Exercise
Apart from the pictures, the listing is to be returned exactly.

Given information
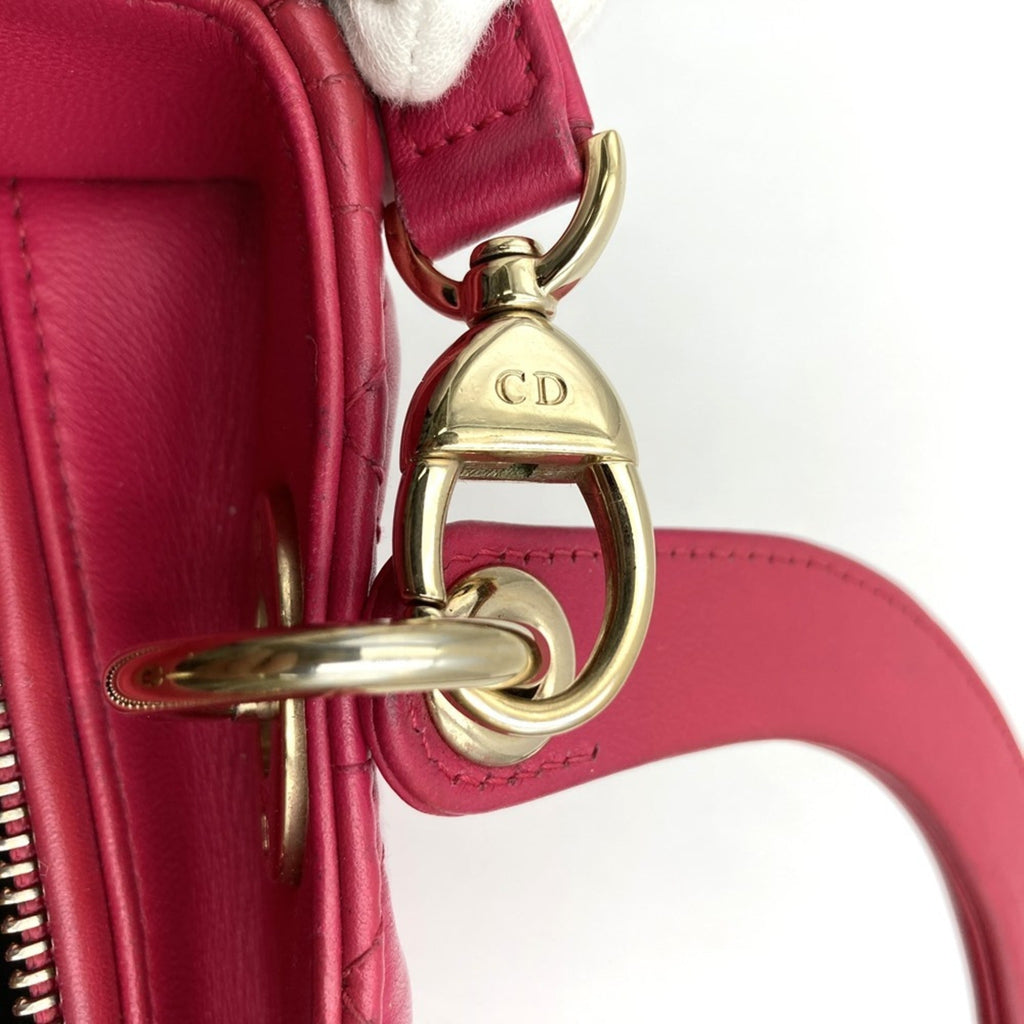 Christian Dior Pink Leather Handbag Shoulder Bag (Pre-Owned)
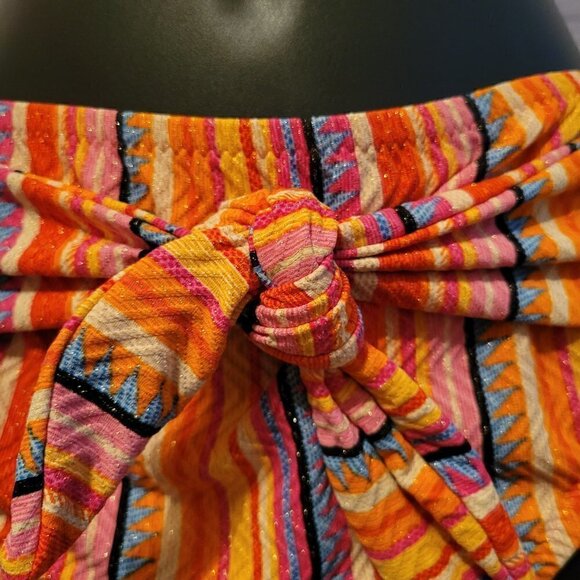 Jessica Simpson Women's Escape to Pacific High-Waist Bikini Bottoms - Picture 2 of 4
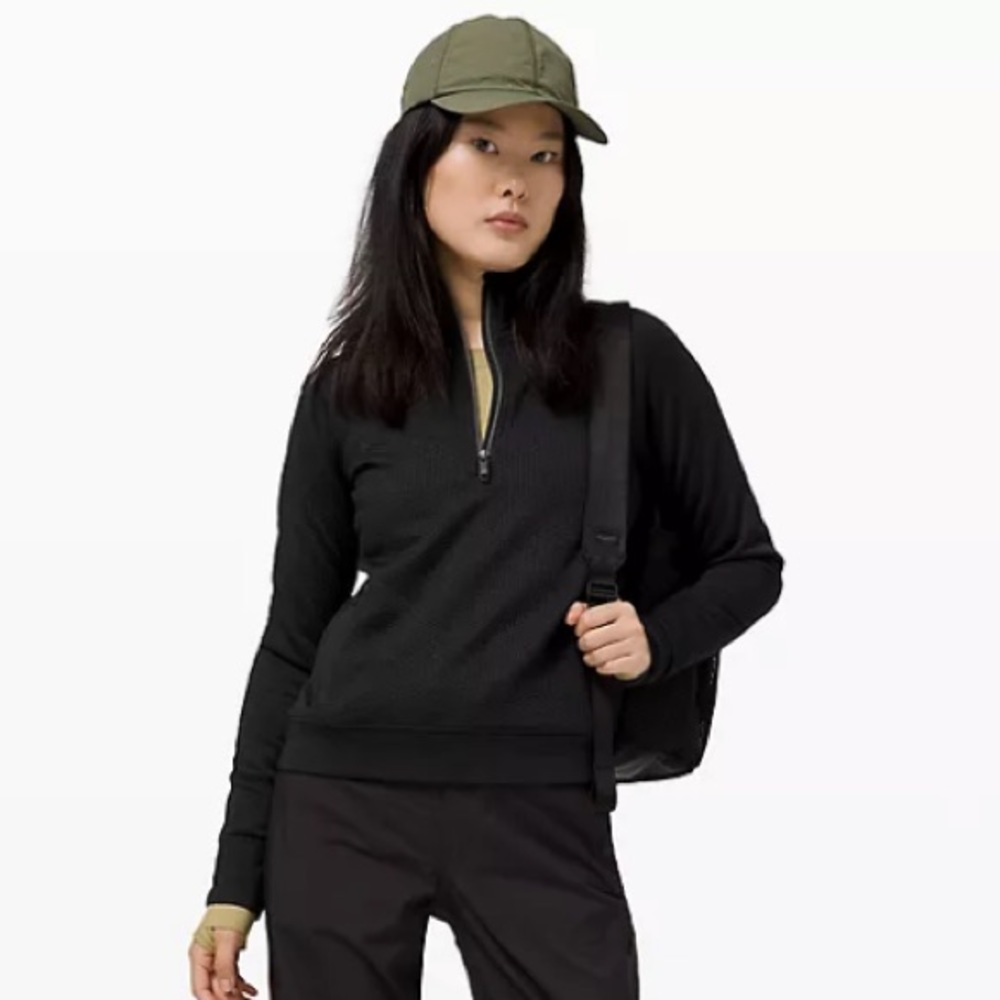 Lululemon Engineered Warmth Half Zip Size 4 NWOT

Solution
 Christian Dior Pink Leather Handbag Shoulder Bag (Pre-Owned)
 Jessica Simpson Women's Escape to Pacific High-Waist Bikini Bottoms - Picture 2 of 4
 Lululemon Engineered Warmth Half Zip Size 4 NWOT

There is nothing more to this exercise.